A Steel bolt having nominal Diameter of 20 mm and a pitch of 2.5 mm

(Pitch is the distance from thread to thread in the axial direction), and an aliminium tube,

40 mm OD by 22 mm ID, act as a spacer for two plates. The distance between the two plates is 0.35 m. The nut is pulled snug and then given a one-third additional turn. Find the resulting stress in the bolt and in the tube, neglecting the deformation of the plates

(The correct answers are 241 MPa and -86.3 MPa

## Homework Equations

[itex]\tau[/itex] = Shear Stress, [itex]\lambda[/itex] = Shear Strain

σ = F/A, ε = Elongation/Origional Length, σ = Modulus of Elasticity x ε

Elongation = (Force x Length) / (AE), v = -Lateral Strain/axial Strain

E = 2G(1 + v), ε1 = σ1/E - vσ2/E, σ1 = (E(ε1 + vε2))/(1-vxv)

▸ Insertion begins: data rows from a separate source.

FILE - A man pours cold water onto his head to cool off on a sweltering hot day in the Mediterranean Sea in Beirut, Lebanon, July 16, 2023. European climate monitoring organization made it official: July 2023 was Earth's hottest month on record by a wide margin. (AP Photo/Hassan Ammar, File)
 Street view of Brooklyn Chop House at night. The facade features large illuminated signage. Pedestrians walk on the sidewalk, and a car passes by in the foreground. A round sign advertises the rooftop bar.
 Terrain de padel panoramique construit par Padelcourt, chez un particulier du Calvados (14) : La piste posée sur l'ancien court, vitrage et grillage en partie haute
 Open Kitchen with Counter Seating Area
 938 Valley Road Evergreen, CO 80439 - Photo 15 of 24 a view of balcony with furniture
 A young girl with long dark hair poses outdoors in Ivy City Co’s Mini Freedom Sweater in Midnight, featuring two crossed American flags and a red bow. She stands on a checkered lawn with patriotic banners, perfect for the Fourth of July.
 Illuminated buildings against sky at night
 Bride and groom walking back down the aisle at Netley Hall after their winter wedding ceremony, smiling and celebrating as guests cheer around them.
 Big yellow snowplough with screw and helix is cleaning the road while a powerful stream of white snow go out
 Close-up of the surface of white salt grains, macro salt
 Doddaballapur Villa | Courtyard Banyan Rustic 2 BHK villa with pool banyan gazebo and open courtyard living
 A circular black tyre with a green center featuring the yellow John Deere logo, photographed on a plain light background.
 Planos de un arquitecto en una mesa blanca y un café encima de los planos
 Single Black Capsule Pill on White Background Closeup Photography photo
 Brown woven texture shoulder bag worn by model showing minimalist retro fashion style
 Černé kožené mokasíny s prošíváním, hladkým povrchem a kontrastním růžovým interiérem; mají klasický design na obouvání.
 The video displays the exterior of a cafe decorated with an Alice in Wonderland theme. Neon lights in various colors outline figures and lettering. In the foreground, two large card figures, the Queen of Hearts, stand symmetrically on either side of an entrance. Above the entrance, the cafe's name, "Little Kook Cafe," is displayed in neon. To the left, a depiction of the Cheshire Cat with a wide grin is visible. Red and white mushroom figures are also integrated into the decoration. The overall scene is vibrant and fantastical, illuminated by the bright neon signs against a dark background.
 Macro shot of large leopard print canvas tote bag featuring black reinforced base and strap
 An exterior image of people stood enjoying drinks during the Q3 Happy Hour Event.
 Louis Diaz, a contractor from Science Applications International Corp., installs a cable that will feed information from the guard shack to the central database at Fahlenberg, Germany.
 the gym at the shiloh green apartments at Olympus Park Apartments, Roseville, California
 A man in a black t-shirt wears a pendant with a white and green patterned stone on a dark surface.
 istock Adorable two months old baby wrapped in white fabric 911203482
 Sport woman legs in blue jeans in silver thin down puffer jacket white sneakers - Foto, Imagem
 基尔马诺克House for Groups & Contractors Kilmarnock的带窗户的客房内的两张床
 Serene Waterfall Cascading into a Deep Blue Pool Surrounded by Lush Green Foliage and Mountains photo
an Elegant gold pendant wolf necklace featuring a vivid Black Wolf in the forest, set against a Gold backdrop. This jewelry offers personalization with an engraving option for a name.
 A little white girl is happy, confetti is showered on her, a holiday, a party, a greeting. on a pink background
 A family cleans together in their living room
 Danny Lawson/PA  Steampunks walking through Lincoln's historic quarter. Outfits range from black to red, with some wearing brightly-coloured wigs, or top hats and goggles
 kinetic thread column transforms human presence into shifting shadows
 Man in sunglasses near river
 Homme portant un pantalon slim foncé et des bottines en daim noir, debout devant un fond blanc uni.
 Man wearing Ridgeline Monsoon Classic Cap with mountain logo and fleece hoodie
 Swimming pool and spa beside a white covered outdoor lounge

[itex]\tau[/itex] = G[itex]\lambda[/itex]

**For Uniaxial Stress**

ϵ1 = (σ1/E), ε2 = -v*ε1, ε2 = -v*ε1,

**For Biaxial stress**

ϵ1 = (σ1/E) -(v.σ2/E)

ϵ2 = (σ2/E) -(v.σ1/E)

ϵ3 = v.(σ1/E) - v.(σ2/E)

**For Triaxial Stress**

ϵ1 = (σ1/E) -(v.σ2/E) -(v.σ3/E)

ϵ2 = (σ2/E) -(v.σ1/E) -(v.σ3/E)

ϵ3 = (σ3/E) -(v.σ1/E) -(v.σ2/E)

## The Attempt at a Solution

**Part A**

The steel bolt is in a state of uniaxial stress

ϵ1 = (σ1/E)

ϵ1 = Elongation/ Origional Length

Elongation = 2.5 mm / 3 = 0.83333 mm

ε1 = 0.83333/ 350 mm = 0.002381

I am saying that since the bolt is steel, E = 200 GPa

Therefore

σ1 = ε1 * E = 0.002381 * 200 GPA = 476 MPa